■ TO DO ■
Copy each record exactly as it reads, leaving out any pictures it holds.

■ MATERIAL PROVIDED ■

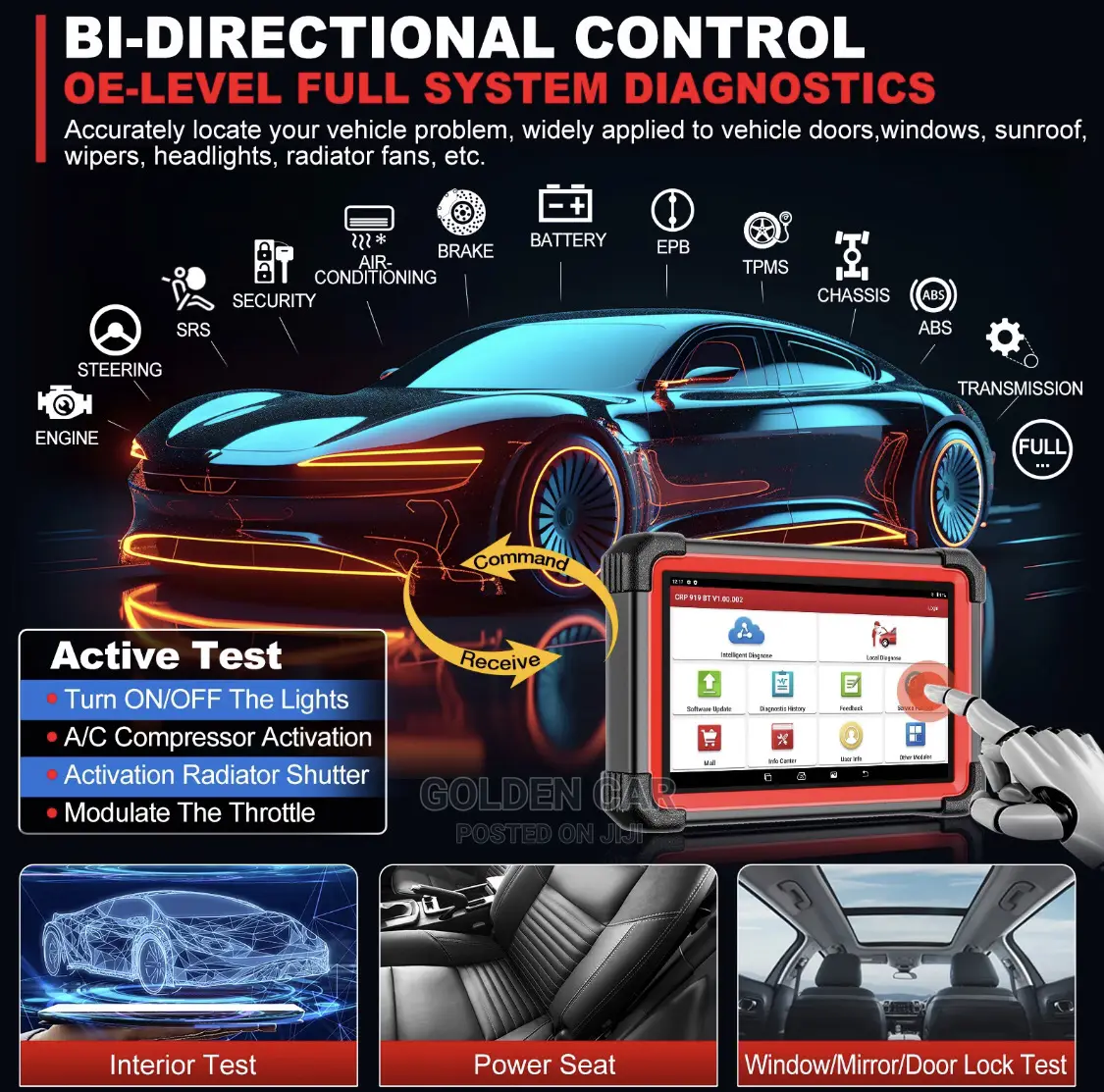 Launch X431 Crp919bt. Obd2 Car Diagnostic Scanner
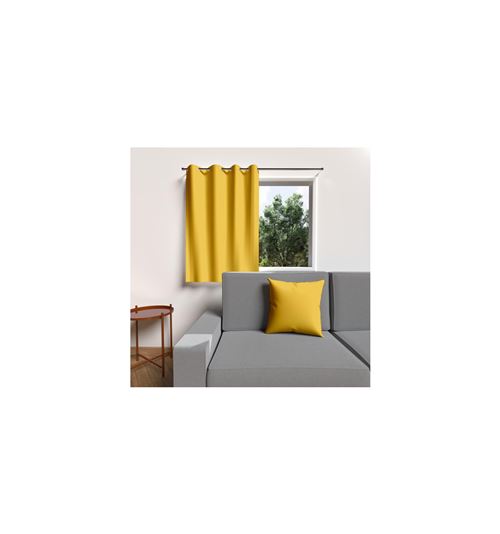 Rideau uni à oeillets Alix - 135 x 180 cm - Jaune
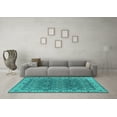 thumbnail image 3 of Ahgly Company Machine Washable Indoor Rectangle Oriental Turquoise Blue Industrial Area Rugs, 5' x 8', 3 of 4
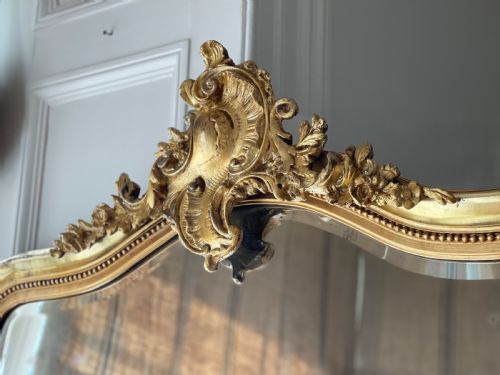 ANTIQUE FRENCH LOUIS XV MIRROR BEVELLED GLASS - ADDITIONAL PHOTO 3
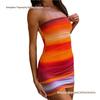 European & American Women's Rainbow Print Strapless Ruffled Dress - Summer Nightclub Wear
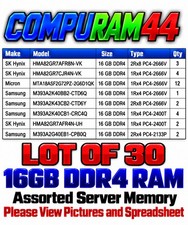 Lot of 30 - 16GB DDR4 Server Memory Mixed Brands PC4-2133P, 2400T, 2666V (480GB) picture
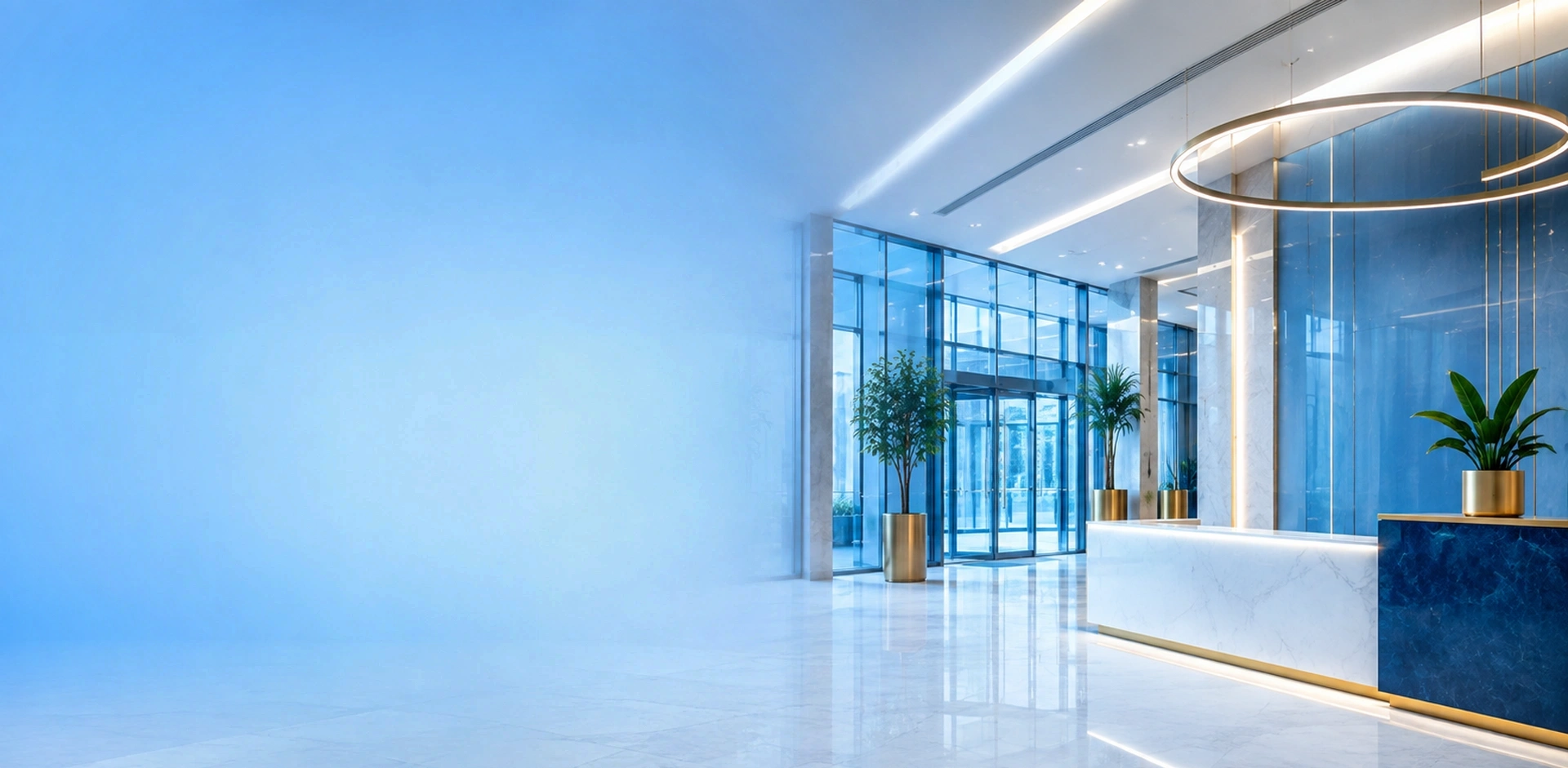 A luminous premium corporate lobby with clean architectural lines, glass and refined golden accents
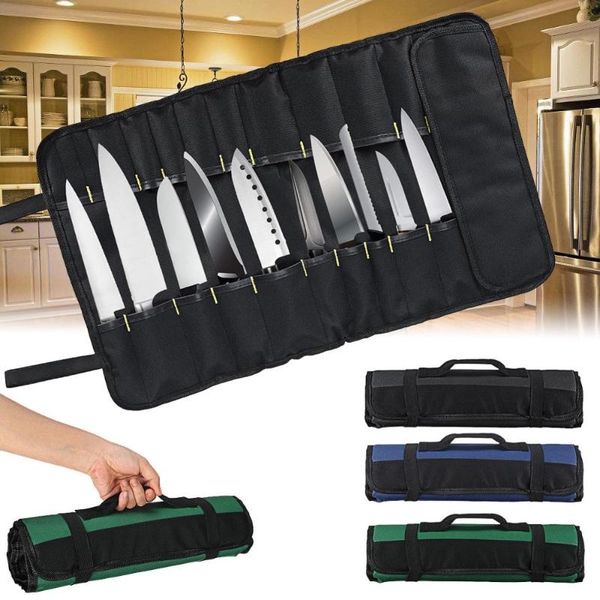 

20 slots pocket chef knife bag roll bag carry case kitchen portable storage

■ RESULT FOR THIS TASK ■
 Launch X431 Crp919bt. Obd2 Car Diagnostic Scanner
 Rideau uni à oeillets Alix - 135 x 180 cm - Jaune
 thumbnail image 3 of Ahgly Company Machine Washable Indoor Rectangle Oriental Turquoise Blue Industrial Area Rugs, 5' x 8', 3 of 4
 ANTIQUE FRENCH LOUIS XV MIRROR BEVELLED GLASS - ADDITIONAL PHOTO 3
 European & American Women's Rainbow Print Strapless Ruffled Dress - Summer Nightclub Wear
 Lot of 30 - 16GB DDR4 Server Memory Mixed Brands PC4-2133P, 2400T, 2666V (480GB) picture
 A luminous premium corporate lobby with clean architectural lines, glass and refined golden accents

20 slots pocket chef knife bag roll bag carry case kitchen portable storage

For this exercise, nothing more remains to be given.